Not surprisingly, this isn't a winning recipe for insight.
Nor is it relevant for modern applications. As Bosworth puts it, "The new world of transactional applications requires contextual awareness. That means that the app often must morph itself from transaction to transaction to provide a better experience."
And while this certainly requires "intelligence," he says it is more "transactional intelligence" than traditional "business intelligence."
Or, said differently, it is "Machine BI" vs. "Human BI."
"'Machine BI' is intelligence that has to take place at the processing speed of a machine in order to make a transactional app smarter from transaction to transaction. Human intervention is not possible in this model, and therefore, not a design objective. 'Machine BI' is an integrated part of an application, designed into it by engineers based on business requirements. The 'learning' that occurs is put into a 'fast feedback loop' at machine speeds to make each transaction more informed or contextual when appropriate."
The primary problem with "low fidelity" ODBC connectors to Cassandra or other NoSQL databases, then, isn't really about fidelity at all. It's a matter of speed.
Indeed, Bosworth takes issue with my characterization of ODBC connectors as "low fidelity," insisting that there is no loss of Cassandra data between it and, say, Tableau. "It is just that, as with any human BI solution, if the transactional data is extraordinarily voluminous, exports and scans can take a long time, even for a human, and that can create problems that need fixing with data modeling techniques."

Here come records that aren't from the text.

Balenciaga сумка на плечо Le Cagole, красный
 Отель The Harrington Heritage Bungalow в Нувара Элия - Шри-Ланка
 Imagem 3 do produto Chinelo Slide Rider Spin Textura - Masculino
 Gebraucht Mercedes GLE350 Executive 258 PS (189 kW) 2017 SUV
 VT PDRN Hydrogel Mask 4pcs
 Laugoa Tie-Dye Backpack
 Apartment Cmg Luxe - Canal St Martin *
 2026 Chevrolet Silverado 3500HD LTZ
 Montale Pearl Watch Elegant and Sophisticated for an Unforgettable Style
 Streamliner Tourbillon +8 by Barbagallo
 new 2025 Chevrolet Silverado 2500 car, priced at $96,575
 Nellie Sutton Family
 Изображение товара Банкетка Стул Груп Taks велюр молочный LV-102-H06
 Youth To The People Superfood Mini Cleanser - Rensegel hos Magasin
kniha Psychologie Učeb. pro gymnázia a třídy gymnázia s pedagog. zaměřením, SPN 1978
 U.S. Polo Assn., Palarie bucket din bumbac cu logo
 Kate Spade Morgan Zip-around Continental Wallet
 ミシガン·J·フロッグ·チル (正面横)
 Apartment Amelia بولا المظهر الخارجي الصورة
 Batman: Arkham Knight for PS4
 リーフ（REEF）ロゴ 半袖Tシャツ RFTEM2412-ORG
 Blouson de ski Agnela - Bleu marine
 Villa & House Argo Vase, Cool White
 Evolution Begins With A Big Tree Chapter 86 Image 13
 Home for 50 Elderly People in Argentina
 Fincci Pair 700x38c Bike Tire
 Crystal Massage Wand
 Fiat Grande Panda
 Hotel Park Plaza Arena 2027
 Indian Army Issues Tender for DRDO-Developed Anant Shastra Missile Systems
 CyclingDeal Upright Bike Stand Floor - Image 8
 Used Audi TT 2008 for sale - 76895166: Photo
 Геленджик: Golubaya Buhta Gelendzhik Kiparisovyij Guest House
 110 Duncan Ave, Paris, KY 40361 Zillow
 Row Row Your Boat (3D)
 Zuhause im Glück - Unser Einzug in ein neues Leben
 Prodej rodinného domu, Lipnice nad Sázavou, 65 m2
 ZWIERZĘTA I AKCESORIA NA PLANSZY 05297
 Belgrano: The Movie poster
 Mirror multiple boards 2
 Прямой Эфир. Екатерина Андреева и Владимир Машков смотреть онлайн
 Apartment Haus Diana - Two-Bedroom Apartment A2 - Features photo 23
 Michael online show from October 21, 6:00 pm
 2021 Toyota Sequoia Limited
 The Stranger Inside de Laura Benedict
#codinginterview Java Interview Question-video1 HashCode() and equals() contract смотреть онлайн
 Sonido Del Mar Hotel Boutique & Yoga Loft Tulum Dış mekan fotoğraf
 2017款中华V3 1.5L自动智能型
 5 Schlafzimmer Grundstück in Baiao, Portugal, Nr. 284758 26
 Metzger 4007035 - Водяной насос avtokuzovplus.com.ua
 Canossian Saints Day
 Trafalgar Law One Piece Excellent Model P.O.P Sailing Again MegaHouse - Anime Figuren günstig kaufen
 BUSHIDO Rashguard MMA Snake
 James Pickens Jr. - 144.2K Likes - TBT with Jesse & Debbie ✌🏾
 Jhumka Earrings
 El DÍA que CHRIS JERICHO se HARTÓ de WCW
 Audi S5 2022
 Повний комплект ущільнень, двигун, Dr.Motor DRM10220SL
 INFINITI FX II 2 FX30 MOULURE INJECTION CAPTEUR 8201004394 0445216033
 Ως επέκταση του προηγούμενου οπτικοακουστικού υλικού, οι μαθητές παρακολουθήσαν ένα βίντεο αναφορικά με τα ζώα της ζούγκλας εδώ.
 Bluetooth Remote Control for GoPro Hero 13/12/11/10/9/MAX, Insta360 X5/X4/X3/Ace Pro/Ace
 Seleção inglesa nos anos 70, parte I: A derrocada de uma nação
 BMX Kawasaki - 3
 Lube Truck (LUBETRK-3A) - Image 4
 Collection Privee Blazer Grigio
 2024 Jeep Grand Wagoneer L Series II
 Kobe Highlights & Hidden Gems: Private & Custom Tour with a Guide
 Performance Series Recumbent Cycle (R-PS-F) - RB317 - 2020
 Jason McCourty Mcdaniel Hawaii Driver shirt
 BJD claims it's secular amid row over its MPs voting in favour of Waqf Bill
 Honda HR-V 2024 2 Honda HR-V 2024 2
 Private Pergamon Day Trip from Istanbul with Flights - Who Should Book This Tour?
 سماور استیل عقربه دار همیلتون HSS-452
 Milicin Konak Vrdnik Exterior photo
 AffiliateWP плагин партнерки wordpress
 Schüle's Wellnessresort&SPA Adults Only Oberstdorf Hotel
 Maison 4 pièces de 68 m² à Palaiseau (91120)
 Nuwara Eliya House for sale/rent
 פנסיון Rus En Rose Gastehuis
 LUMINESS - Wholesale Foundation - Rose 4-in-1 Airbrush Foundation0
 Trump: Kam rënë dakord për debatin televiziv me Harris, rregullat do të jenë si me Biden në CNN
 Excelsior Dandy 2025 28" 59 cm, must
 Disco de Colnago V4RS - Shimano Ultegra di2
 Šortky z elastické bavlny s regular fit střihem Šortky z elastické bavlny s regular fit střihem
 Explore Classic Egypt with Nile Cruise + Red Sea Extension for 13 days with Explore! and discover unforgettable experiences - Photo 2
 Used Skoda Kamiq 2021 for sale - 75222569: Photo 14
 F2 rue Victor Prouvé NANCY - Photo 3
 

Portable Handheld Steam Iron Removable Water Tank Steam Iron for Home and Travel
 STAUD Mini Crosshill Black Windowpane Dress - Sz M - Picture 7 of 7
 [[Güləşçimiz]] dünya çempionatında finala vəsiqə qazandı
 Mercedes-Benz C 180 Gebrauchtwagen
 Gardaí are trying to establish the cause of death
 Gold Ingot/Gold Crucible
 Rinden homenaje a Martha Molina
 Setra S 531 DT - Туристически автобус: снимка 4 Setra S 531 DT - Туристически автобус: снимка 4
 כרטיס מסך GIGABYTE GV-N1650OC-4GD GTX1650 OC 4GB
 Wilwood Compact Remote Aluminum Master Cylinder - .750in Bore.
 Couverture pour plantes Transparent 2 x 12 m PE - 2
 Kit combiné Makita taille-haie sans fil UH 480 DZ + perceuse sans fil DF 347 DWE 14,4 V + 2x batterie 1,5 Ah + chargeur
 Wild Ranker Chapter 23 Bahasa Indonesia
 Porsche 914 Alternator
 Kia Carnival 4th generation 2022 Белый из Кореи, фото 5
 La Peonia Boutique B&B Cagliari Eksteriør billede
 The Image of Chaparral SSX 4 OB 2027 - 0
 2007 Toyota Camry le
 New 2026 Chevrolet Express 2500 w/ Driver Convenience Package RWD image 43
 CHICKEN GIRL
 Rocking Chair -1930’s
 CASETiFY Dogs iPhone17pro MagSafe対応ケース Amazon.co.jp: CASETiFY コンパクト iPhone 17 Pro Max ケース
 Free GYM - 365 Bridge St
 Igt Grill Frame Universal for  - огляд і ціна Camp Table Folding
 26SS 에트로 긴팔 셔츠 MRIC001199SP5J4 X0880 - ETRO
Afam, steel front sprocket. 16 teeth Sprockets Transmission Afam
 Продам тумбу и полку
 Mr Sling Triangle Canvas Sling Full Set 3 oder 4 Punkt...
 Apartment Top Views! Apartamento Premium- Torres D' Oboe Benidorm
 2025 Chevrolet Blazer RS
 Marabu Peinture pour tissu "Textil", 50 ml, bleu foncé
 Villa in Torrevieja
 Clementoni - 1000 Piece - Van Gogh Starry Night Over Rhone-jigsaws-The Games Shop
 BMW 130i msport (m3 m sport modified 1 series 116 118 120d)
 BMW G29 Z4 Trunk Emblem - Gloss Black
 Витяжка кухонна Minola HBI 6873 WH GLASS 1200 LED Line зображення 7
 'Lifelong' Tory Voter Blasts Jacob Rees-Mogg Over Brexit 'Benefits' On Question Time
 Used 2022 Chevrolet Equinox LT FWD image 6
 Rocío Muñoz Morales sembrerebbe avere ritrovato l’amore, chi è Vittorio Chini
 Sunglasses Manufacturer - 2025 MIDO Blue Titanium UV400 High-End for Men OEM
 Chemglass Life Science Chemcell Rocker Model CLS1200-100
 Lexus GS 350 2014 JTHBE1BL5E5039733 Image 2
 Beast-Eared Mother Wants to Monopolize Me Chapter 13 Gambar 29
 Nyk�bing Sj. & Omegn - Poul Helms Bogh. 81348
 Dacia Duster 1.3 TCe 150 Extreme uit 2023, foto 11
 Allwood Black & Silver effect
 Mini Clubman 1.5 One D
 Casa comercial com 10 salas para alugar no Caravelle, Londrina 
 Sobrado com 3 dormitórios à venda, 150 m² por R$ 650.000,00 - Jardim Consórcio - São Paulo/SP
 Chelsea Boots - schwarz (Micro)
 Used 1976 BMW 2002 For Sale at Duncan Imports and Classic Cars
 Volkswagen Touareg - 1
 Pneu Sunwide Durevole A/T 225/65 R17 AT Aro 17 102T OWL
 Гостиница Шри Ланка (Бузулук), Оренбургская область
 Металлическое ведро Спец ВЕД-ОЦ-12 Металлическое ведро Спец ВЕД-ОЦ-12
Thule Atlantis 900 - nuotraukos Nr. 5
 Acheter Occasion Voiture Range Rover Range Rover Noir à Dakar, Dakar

In other words, according to Bosworth, NoSQL and modern data technologies "isn't so much a matter of ODBC versus native connectors as it is a data modeling paradigm shift that must also occur in this new world of global transactional applications."
The rise of the machines
So, where does that leave us?
"Over time," Bosworth states, "BI vendors need native Cassandra integration to fully deliver" and "not just 'pretend everything is an RDBMS' with ODBC," but ultimately (as stated above), this is a matter of thinking about data differently.
To wit, even as data connectors get better for people to retrieve and study data, they will simply never get fast enough to keep pace with the demands of today's online, all-the-time applications. "Human fast is irrelevant compared to machine fast," Bosworth stresses, "So, bear in mind that no matter how much they improve, they are still servicing a human being vs. morphing an application in machine time."
With machines doing BI at human-impossible speeds, does this leave us to simply maintain uptime of the machines? Not according to Bosworth.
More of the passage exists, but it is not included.